La rue ne fait pas d’enfants !

A Dakar, un incendie dans le quartier de la Médina, dans la nuit du dimanche 4 mars 2013, a coûté la vie  à neuf  personnes dont 7 talibés* (enfants-mendiants) ainsi qu’un brûlé grave. Les victimes sont tous des enfants dont le plus âgé n’avait que 12 ans. Je suis au Cameroun et cette actualité me bouleverse. Ah, le Sénégal! J’y vois que Chidid, Youssou N’dour…

Anta Mbow Directrice de l'empire des enfants Sénégal - (Crédit Photo Danielle Ibohn)
Anta Mbow Directrice de l’empire des enfants Sénégal – (Crédit Photo Danielle Ibohn)

 

Nous sommes le 7 Avril et le Sénégal est sous le choc!

Pour écrire ce billet, je m’y suis prise trois fois.

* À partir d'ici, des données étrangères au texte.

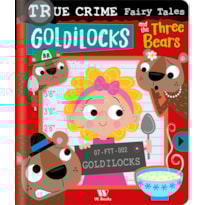True Crime Fairy Tales: Goldilocks
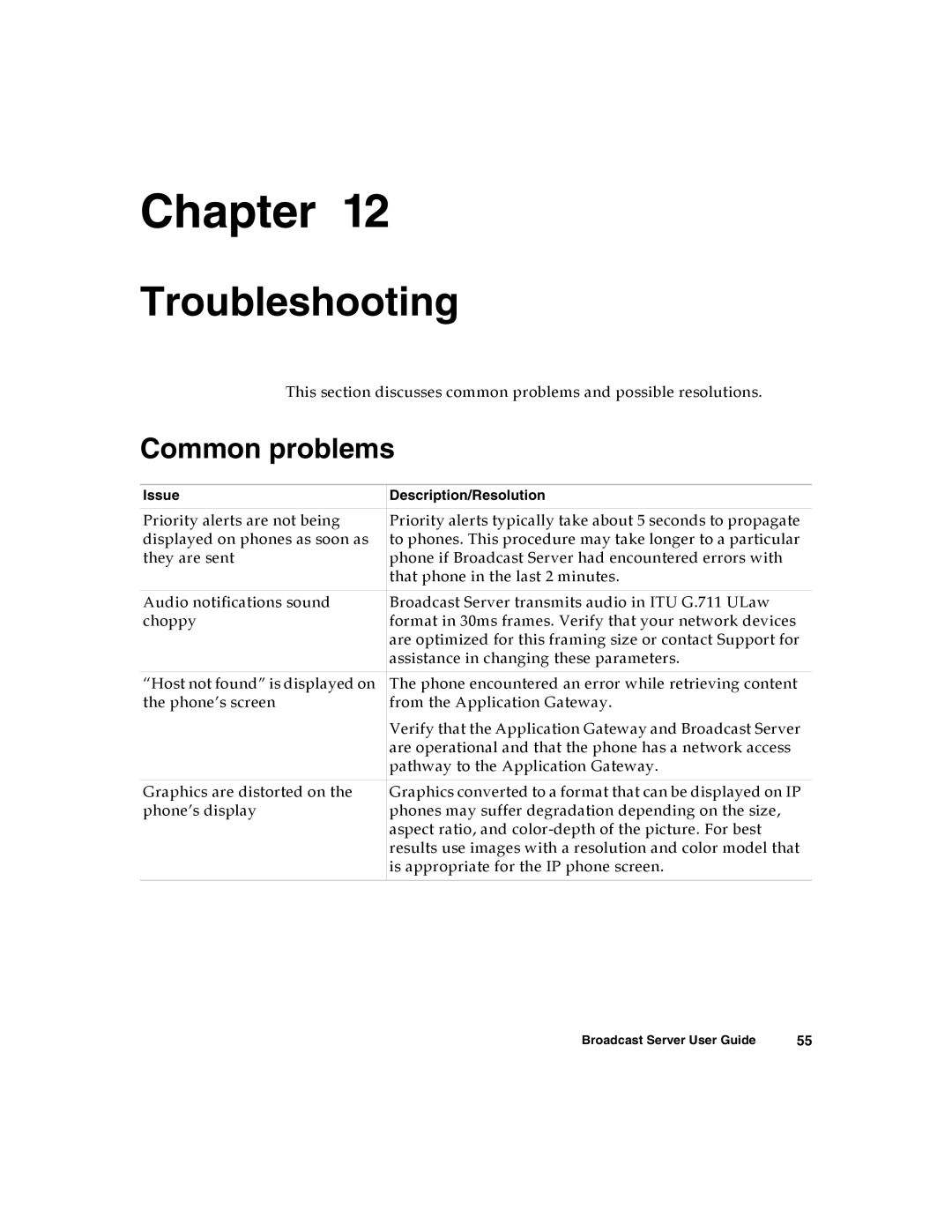 Nortel Networks Broadcast Server warranty Troubleshooting, Common problems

Je ne me sens pas légitime de parler des enfants de la rue. J’en suis pas une. J’ai rencontré Anta Mbow, directrice de l’Empire des enfants après cette tragédie. J’étais choquée par ce fait divers et même temps je me suis sentie à ma place. Je sais : bizarre et pourtant!

Ce sentiment, je le connais un peu trop bien. Comment peut-on abandonner son enfant ? C’est la question à laquelle je cherchais des réponses. Avec Anta et ses dizaines années d’expériences , j’ai eu mes réponses.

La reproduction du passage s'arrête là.